▶ [Your instructions]
Could you transcribe the entries below exactly, starting at the line that contains "Menkes Zapato Flamenco" and stopping at the last line, without any pictures?

Record set Block Start

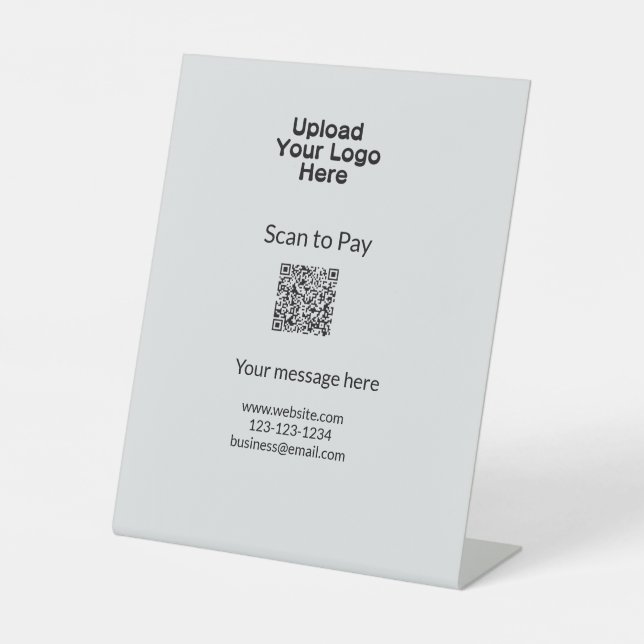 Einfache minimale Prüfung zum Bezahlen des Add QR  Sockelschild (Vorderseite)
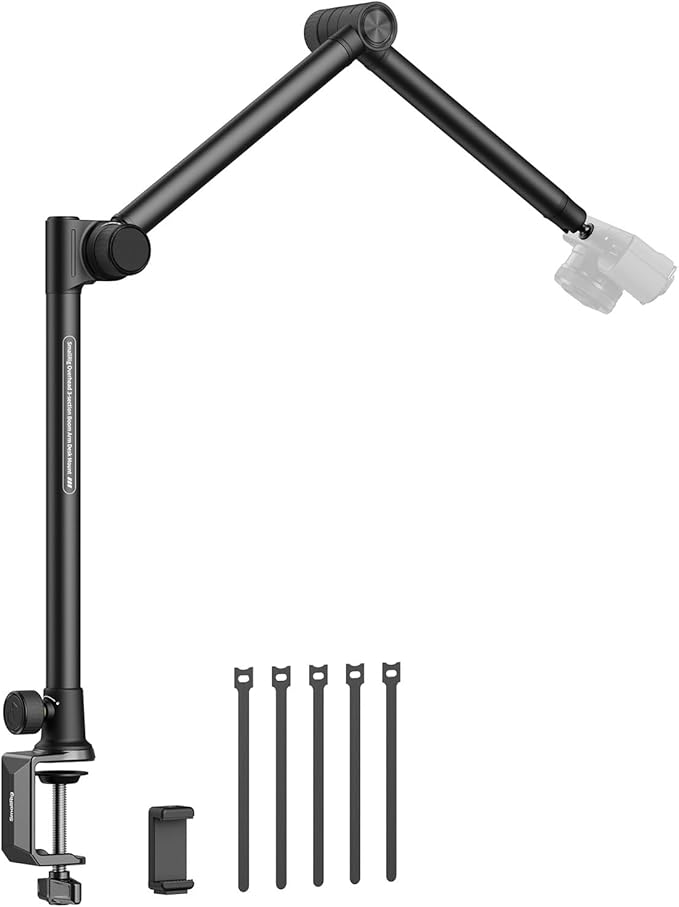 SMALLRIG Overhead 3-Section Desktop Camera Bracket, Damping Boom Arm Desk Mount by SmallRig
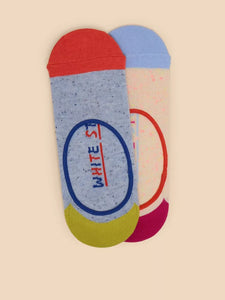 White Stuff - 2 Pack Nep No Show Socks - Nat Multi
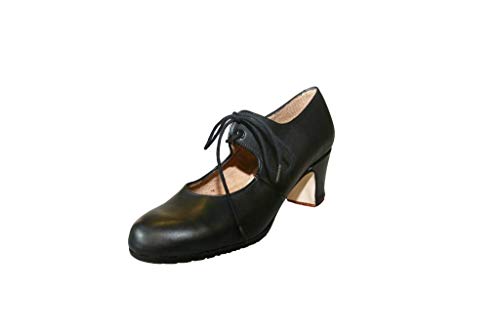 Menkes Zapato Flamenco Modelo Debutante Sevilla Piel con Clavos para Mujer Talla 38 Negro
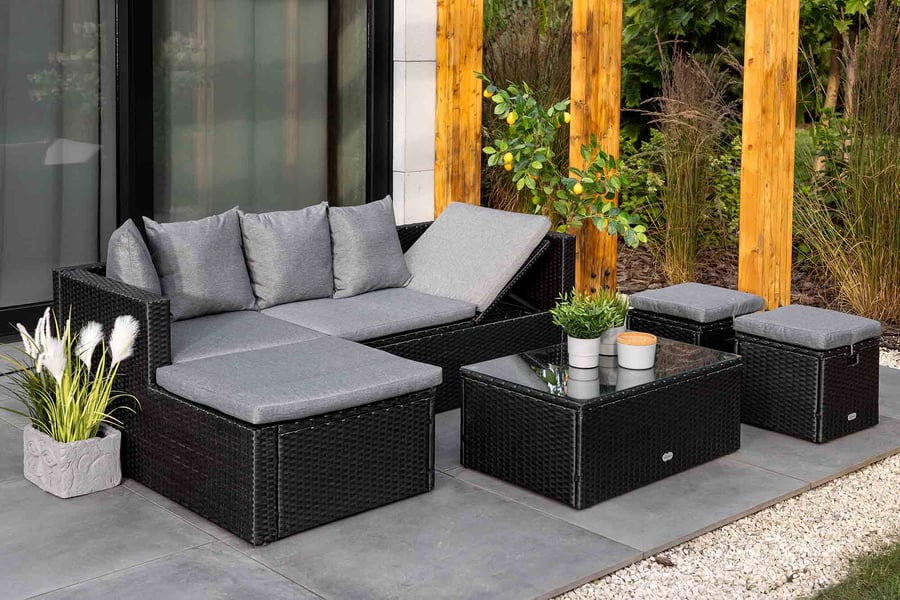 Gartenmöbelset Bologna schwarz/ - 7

Record set Block End

▶ [Reply to the task]
 Menkes Zapato Flamenco Modelo Debutante Sevilla Piel con Clavos para Mujer Talla 38 Negro
 Gartenmöbelset Bologna schwarz/ - 7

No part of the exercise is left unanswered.